And what about the former icon of South Sound industry — the Olympia Brewery? Has it really been more than six years since the once-mighty bastion of high-paying, blue collar jobs closed its doors for good? The broken promises of brewery redevelopment are taking their toll on the property as the weeds in the warehouse parking lot give way to small clumps of alder, signs that Mother Nature and the Deschutes River floodplain will have the final say if a new use for the property doesn’t sprout soon.
A few hundred yards downstream of the brewery, another dramatic story from the past decade unfolds into the new year.
Will man-made Capitol Lake remain a lake or will it be returned to a river estuary? The science and finances suggest the estuary is a better option, but the community attachment to the lake as an extension of the Capitol Campus and distinctive feature of the downtown Olympia landscape cannot be ignored.
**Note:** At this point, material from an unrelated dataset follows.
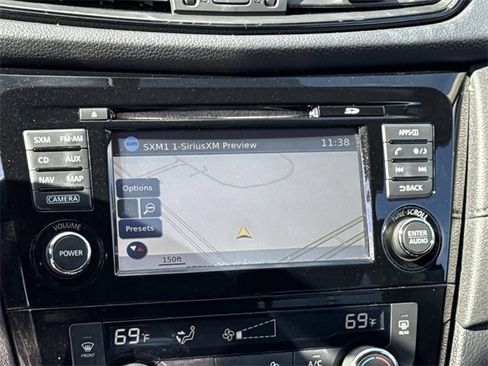 Used 2017 Nissan Rogue SV w/ SV Premium Package image 19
The community remains sharply divided on the best course of action and the state Legislature, which holds many of the purse strings for lake maintenance or estuary restoration, has yet to weigh in with an action plan.
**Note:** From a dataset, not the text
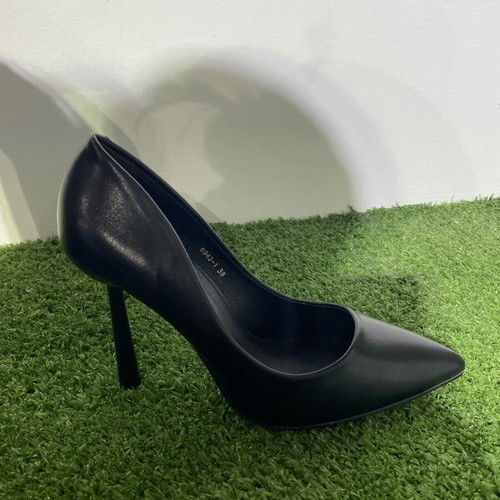Black pump size 38 new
Above the roiled waters where the river meets Budd Inlet stands the handsome Fourth Avenue Bridge, born of the Nisqually Earthquake of 2001.
The old bridge cracked and teetered in the quake, providing impetus for the new span linking downtown to west Olympia. Earthquakes of this magnitude are nothing new in South Sound — think 1872 and 1949 and 1965. But when they happen, the fear and destruction they cause rise above the more commonplace floods and windstorms that complete the natural disaster portfolio of every passing decade.
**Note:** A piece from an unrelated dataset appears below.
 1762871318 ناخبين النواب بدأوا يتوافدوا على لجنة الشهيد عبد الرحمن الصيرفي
Violence against law enforcement officers dominated the news near the end of 2009. Six police officers — five in Pierce County and one in Seattle — were gunned down in cold-blooded assassinations and fits of rage. The total number of officers shot and killed nationwide surged to 48 in 2009, a 23 percent increase over the previous year. Sadly, the spike in numbers hit far too close to home.
There is so much to hope for in the new year, and the new decade.
Will the two wars spawned from the 9/11 terrorist attacks finally come to an end, allowing the thousands of troops deployed from Fort Lewis and other military bases across the nation to return home from Iraq and Afghanistan? New policies are in place to bring closure to those conflicts. They must succeed.
Here in South Sound, those of us still fortunate to have our jobs and our health must continue to care for the needy. This has always been a decent, caring community, a trait that has served us well during these difficult economic times.
Let the new year and the new decade mark the beginning of a resounding economic recovery and a renewed commitment to peace at home and abroad.
Let’s find a way together to have a happy new year.